Seales: Tasers will reduce use of deadly force
Photo taken from a screenshot of video shared on Facebook.
Head of the Trinidad and Tobago Police Service Social Welfare Association (TTPSSWA), Michael Seales, said the scenario which was recorded on video, in which an allegedly mentally ill man wielding a cutlass was shot and killed by police, might have ended differently if tasers were used.
Police were heard telling the man on video to put down his weapon, however when he advanced, officers fired, shooting him more than five times. The man, who was said to be from Friendship Village, San Fernando, later died.
(Caution: graphic scenes, viewer discretion is advised)
Speaking to LoopTT, Seales said that based on this situation, officers used the '21-foot rule’ and protected themselves using the weapons they were equipped with at the time.
“In the case of the officers in question they would have applied the 21-foot rule. Once a person is within that 21-foot radius, it means they are in immediate danger, and a person armed with a knife or cutlass could cause bodily harm to an officer,” he said.
He said this would have been different had tasers been used.
“There are other ways to neutralise or disarm someone armed with a knife or cutlass, however, specific to the video we saw, what should have happened is if officers were provided with tasers they would have been able to deploy the taser to the point where he (the attacker) would have dropped the weapon and then they would have been able to subdue and handcuff the individual.”
“Tasers can reduce the use of deadly force, almost more than 98 percent of the times in most encounters, and this is research-driven,” he said.
Seales said however that if tasers were unable to sufficiently subdue the individual, then officers would have to resort to the use of deadly force.
“If the taser was deployed and did not incapacitate them, or if he or she was able to overcome the electrical charge, for example if the individual had drugs in their system to the point where the electrical charge had no effect, then officers would discharge their weapons.”
Seales said that the police service was told by the Minister of National Security that tasers would be issued to officers in order to minimise the loss of life in situations like these.
Seale also addressed the question of neutralising an attacker by shooting them in the arm or leg, adding that officers are usually trained to shoot to kill instead of shooting to maim or wound.
“Officers worldwide not trained to shoot arms or legs, they are trained to aim for a torso.”
Seales also referred to countries like the UK, where officers are not given guns during the normal course of their duties, but are able to neutralise attackers with the use of tasers and/or batons.
“For the UK, if they are faced with a person with a sharp instrument, they would call for an officer who is armed because they use tasers, they wouldn’t normally carry weapons with them.
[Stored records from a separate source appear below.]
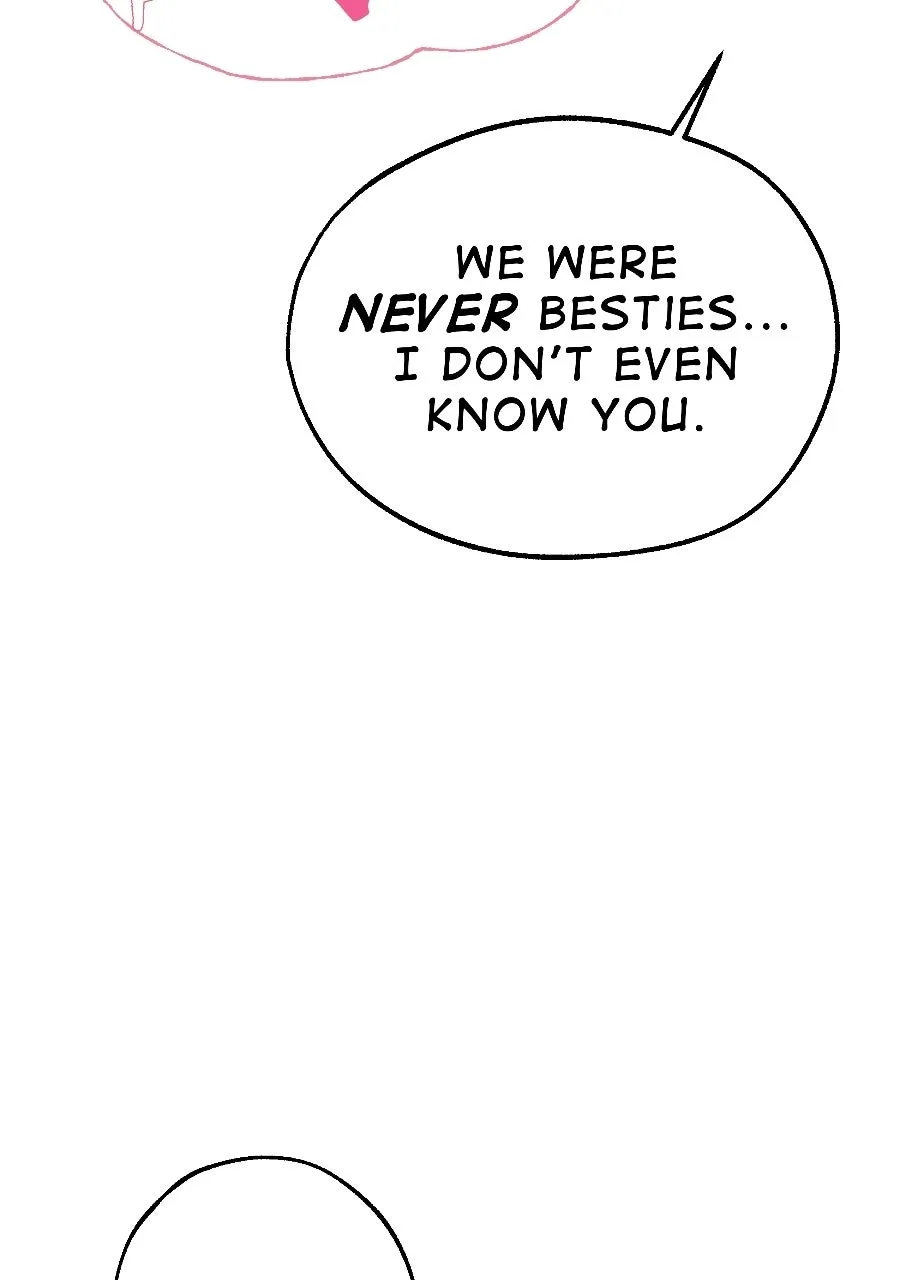 Life Refunded Chapter 98 page 101 - 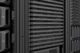 Workstation grafiche HP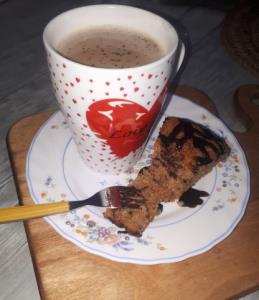 یه کمم واسه خودمون باشیم😍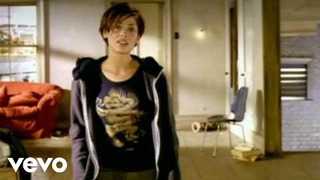 Natalie Imbruglia – Torn (Official Music Video)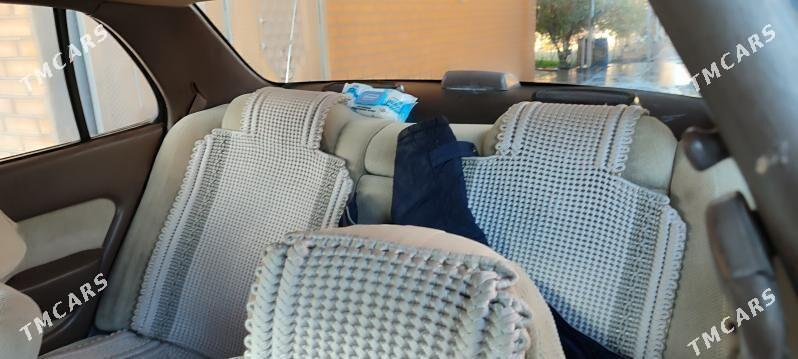 Toyota Camry 1994 - 100 000 TMT - Garabekewül - img 7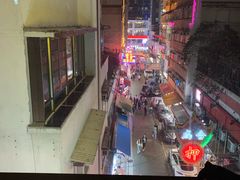 -海倫司小酒館(尖沙咀店 )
They must request special authorisation for the use of weapons by a review board etc to make sure it’s in line with their Use of Force Policy.
“Essentially, their practice is no different from what is practiced internationally, the only difference regarding the TTPS is the issuing of tasers and pepper spray. This case in the video was right for a taser to be used,” he said.
Debate over the '21-foot rule'
The '21-foot rule' was created by Sergeant Dennis Tueller, of the Salt Lake City, Utah Police Department, to determine a police officer's response time based on attacker running toward them while armed with a knife.
The Tueller experiments proposed a 'danger zone' of a 21-foot radius where an attacker presents a clear threat, requiring the need for deadly force.
However, a New York Times article questioned the rule's application and the resulting loss of lives, as the theory is not backed by scientific research but was used as a teaching tool for police training exercises.
A video by news agency AJ+ compared techniques employed by British officers, who were able to neutralise a knife-wielding man without a gun, compared to US officers who quickly shot and killed a man without attempting to de-escalate the situation.